= John Panting =

New Zealand sculptor (1940–1972)

John Panting (1940–1974) was an English-based New Zealand sculptor.

== History ==
Panting was born in Palmerston North and attended Palmerston North Boys' High School. In 1962 he graduated with honours from the University of Canterbury School of Fine Arts where he was taught by Tom Taylor and Eric Doudney among others. The following year he was awarded a three-year Government arts grant to train overseas and traveled to the UK.

== Teaching career ==
Panting was accepted into the Royal College of Art in 1964 where he studied alongside fellow New Zealander Stephen Furlonger. They both appear in a photograph by Lord Snowdon in the book about the British art scene, Private View. After graduating in 1966, Panting and Furlonger shared a studio space and ran a small basement gallery while Panting was asked to stay on as a lecturer in sculpture. In 1967 he began teaching at the Central School of Art and Design in London (now known as Central Saint Martins) and spent time in 1969 as a visiting lecturer at both Auckland and Christchurch University art schools. The New Zealand sculptor Neil Dawson remembers Panting's visit to the Canterbury University Art School as, 'just extraordinary...a human link with ideas that ranged the whole of the twentieth century but who also had a tangible link into Britain with Caro - a contemporary link with the Constructivists and Minimalists.' In 1972 Lund Humphries published Panting's book Sculpture in glass-fibre which was the first study of the use of polyester resin and glass-fibre in the production of sculpture. The same year he was appointed Head of the Sculpture at the Central School of Art and Design.
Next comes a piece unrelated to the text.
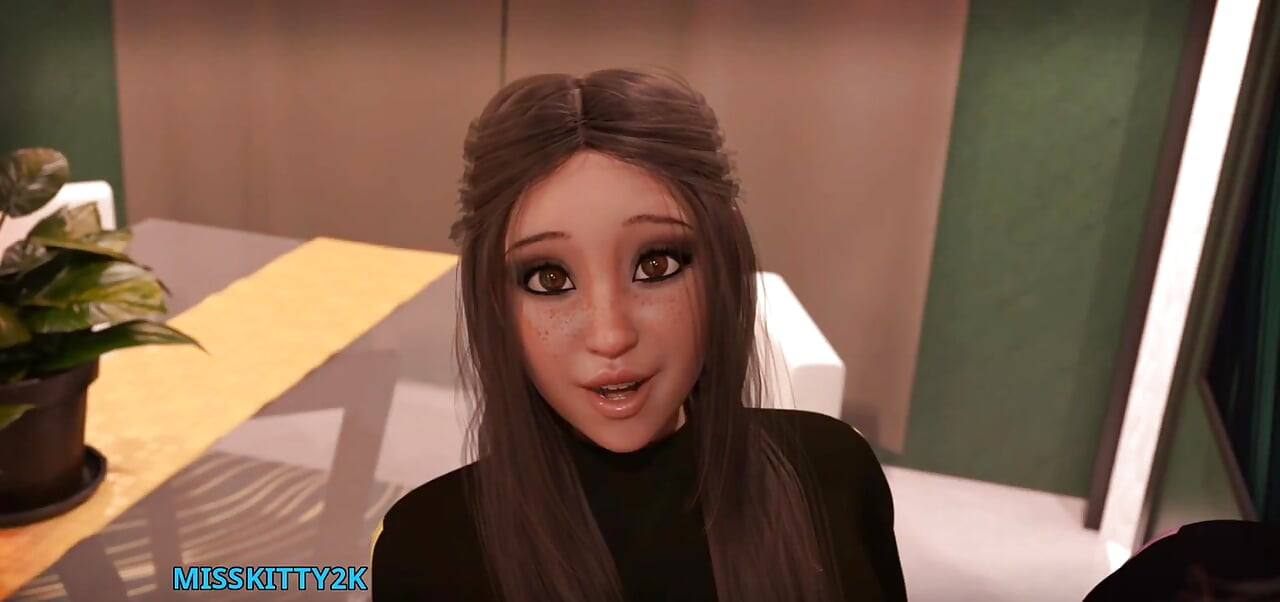 WVM - partie 246 - photos sexy par misskitty2k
Panting died in a motor cycle accident near his studio in 1974.

== Selected exhibitions ==
Panting was exhibited by both dealer galleries and art museums through his short career. In 1972 he was selected for the major exhibition British Sculptors '72, curated by Bryan Kneale and shown at the Royal Academy. Here Panting was placed alongside leading artists of the time such as Kenneth Armitage, Barry Flanagan, Philip King and Eduardo Luigi Paolozzi. In a review the writer and curator John Wood described the exhibition as ‘groundbreaking’ Also in 1972 in New Zealand, the Manawatu Art Gallery organised the exhibition John Panting that was the subject of a nation-wide tour. Two years later he was included in Six New Zealand Artists which was first exhibited at New Zealand House in London. and then toured public galleries in New Zealand.

In 1975, a year after his death, the Serpentine Galleries mounted the survey exhibition John Panting 1940–74 with a catalogue published by the Arts Council of Great Britain. The exhibition was toured around New Zealand by the Arts Councils of Great Britain 1976–1977.

Panting was reintroduced to the public in 2005 by the Poussin Gallery established by the British painter Robin Greenwood in London. In 2013 the Poussin Gallery worked with Victoria University of Wellington's Adam Art Gallery and the British curator Sam Cornish to develop the exhibition John Panting Spatial Constructions.

A full list of Panting’s exhibitions is available in the publication John Panting: a Record of Structure.

==Collections==
Panting's work is held in the permanent collection of the Tate Museum, Te Papa Tongarewa/Museum of New Zealand, Auckland Art Gallery, and the British Arts Council Collection.